25 thoughts on “In sul calar del sole reco in mano 7 recempsioni

  1. Ehi, forse ho trovato il nick giusto! ^_^

    Niente più AA cercasi nick! Ora, se gravatar mi mettesse anche l’immagine… :-p

    Voglio leggermi il libro sul fisico: devo essere pronta al peggio!

  2. @povna: ma grazie mille! diciamo che io sono un po’ meno puntuale di te in queste cose…ma rendo comunque l’idea!
    @lanoisette: se nel pomeriggio sono libera comincio a wetransferarti a manetta!
    @LaGiuditta: eh, sai com’è, io voglio stare sempre sul pezzo…stavolta era un pezzo di merda!
    @simcek: beh, però credo che a nessuno verrà in mente di attaccare frustini a Ponte Milvio. Ammaniti, è evidente, ha un mutuo sul groppone.
    @Kabuki: eddaje! festeggerò ballando il Gangngam Stail! Dai che tu hai un gran bel fisico!

  3. Habemus avatar. Allelù allelù, ià.
    Ora che ho nick in tema con il blog, avatar coordinato con la discussione, posso rendere degno omaggio ai tuoi scritti.

    Non c’è niente da fare: questo blog ha come effetti collaterali sui lettori uno smodato sviluppo cerebrale nonché un imbarazzante aumento dell’eleganza e della lisciosità della frangia. 🙂

    Tornando ai libri ho una domanda per te: tu quando leggi in genere?

  4. @Kabuki: è che voi non lo sapete ma la grafica del mio blog è basata sull’emissione di onde di balsamo.
    Rispondendo alla tua domanda posso dirti che io sono mezza pendolare e mezza stitica, di conseguenza leggo nei 45 minuti di mezzi alla mattina (ma non sempre, spesso ho sonno e mai al ritorno perché chiacchiero col Primate) e la sera durante l’eventuale (e mai scontato) miracolo della defecazzio.

  5. Concordo su Licalzi e sulle 50 sfumature, che è oltretutto noioso, ma noioso, malscritto, ma malscritto, e poi vogliamo dire che ‘sta vergine che alla prima trombata è già così disinibita e conscia del proprio corpo e cioè insomma gode ottantadue volte, ci fa pure ridere i polli??

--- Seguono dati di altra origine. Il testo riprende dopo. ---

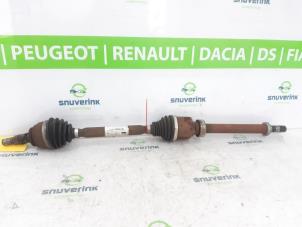 Gebruikte Aandrijfas rechts-voor Renault Scénic IV (RFAJ) 1.2 TCE 130 16V Prijs € 112,50 Margeregeling aangeboden door Snuverink Autodemontage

  6. @Kabuki: ma figurati, il balsamo è vita, MAC è gioia!
    @Pellona: ecco, me l’ero scordato…ma te pare che questa come je parlano c’ha 18 orgasmi simultanei? siamo ai limiti della patologia.

  7. Invece pure Li Calzi a me sembrò una boiata. Ora però voglio sapere se sei anobiiata anche tu e non solo dalle afe e dal grigio fumo di milano. Su Sorrentino e i sequel grande plauso ti fo!

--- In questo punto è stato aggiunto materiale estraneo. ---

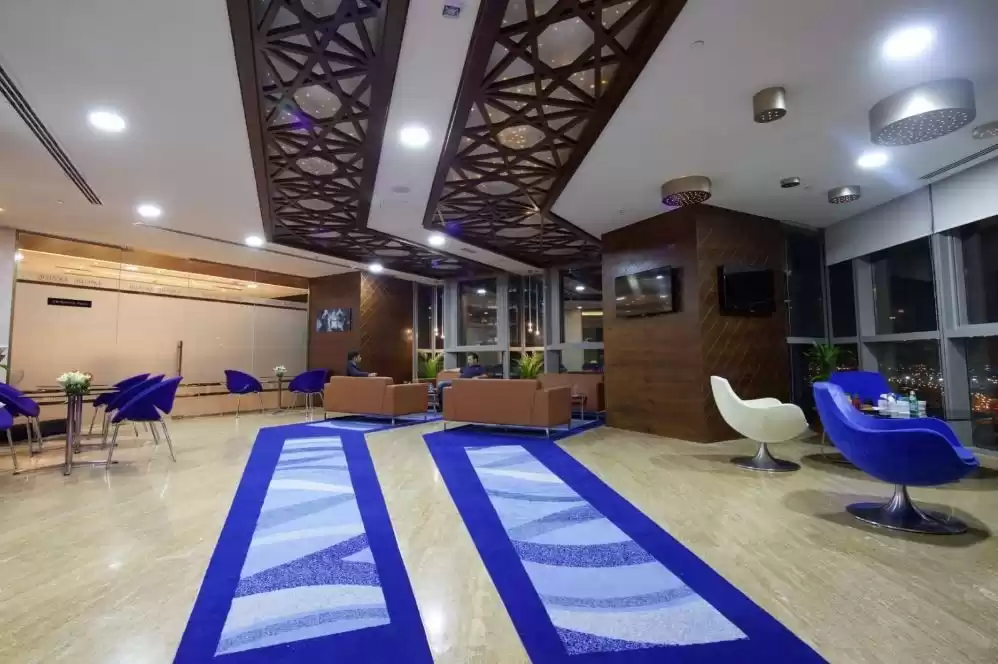 Kommerziell Klaar eigendom F/F Geschäftszentrum  zu vermieten in Al Sadd , Doha #17687 - 1  image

  8. @GattaGennara: se hai il chindol ti passo il file di Cinquanta…, se devi spendere 10 euri…beh, dalli a un barbone che è meglio.
    Ebbene, ero anobiiata ma poi lasciai perdere e preferii il blogghe perché non riuscivo a stare appresso a tutto sto socialnetworcume.

  9. Scusa, non mi ricordo che giro ho fatto per arrivare qui da te, ma mi sono sbellicata sulla tua ultima recensione, con tanto di lacrime e gorgheggi… 🙂

    Concordo sul libro di Licalzi: intenso e asciutto, come il suo protagonista. Bellissimo.
    Un saluto, Linda

  10. Che bello. Ai libri che ho letto avrei dato esattamente lo stesso voto 🙂
    (ma Licalzi, quant’è capace di prenderti, in quel libro?)

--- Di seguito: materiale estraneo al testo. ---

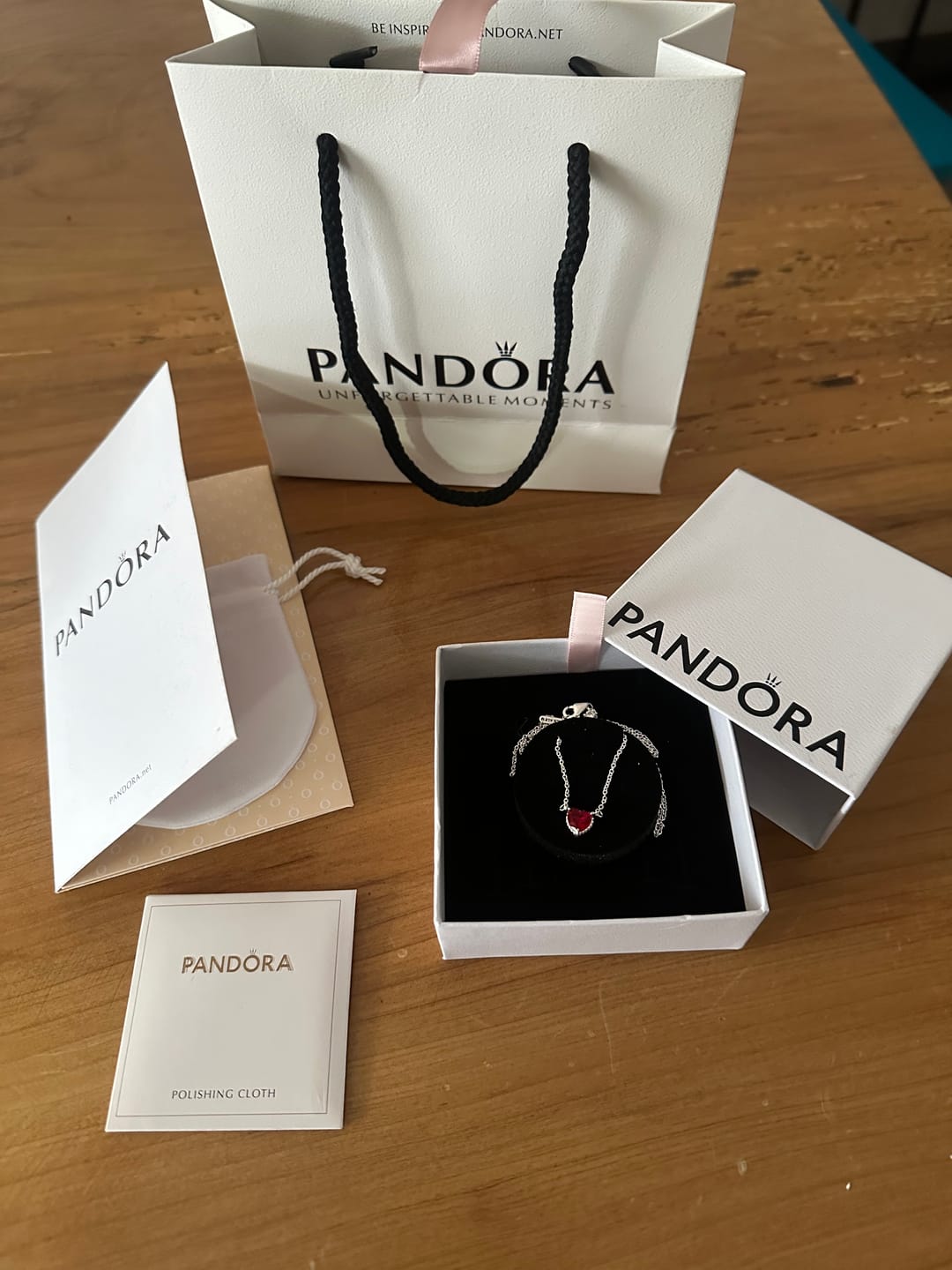 Customer photo review of COLLAR CORAZON ELEVADO ROJO LOVE PANDORA + KIT DE REGALO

    (però, per giustizia, devo dire che il pezzo sulle sfumature manco l’ho letto; intendo dire che sono d’accordo sugli altri, anche se non dirò a voce alta che Ammaniti si merita l’insufficienza, perché sennò mi inimico Simcek. Però dirò che Jeffery sa fare di meglio :-))

  11. @LInda: benvenuta, torna quando vuoi! La mia stronzateria in rete (anche detta “il mio blog a carattere scientifico e sociale) è sempre aperta!
    @LaProf: Sono onorata, ho imparato a dare i voti da una prof! E ringraziamo Dior che leggo sul chindol, altrimenti avrei appositamente azzoppato un tavolo per trovare un senso al tomo delle cinquanta sfumature.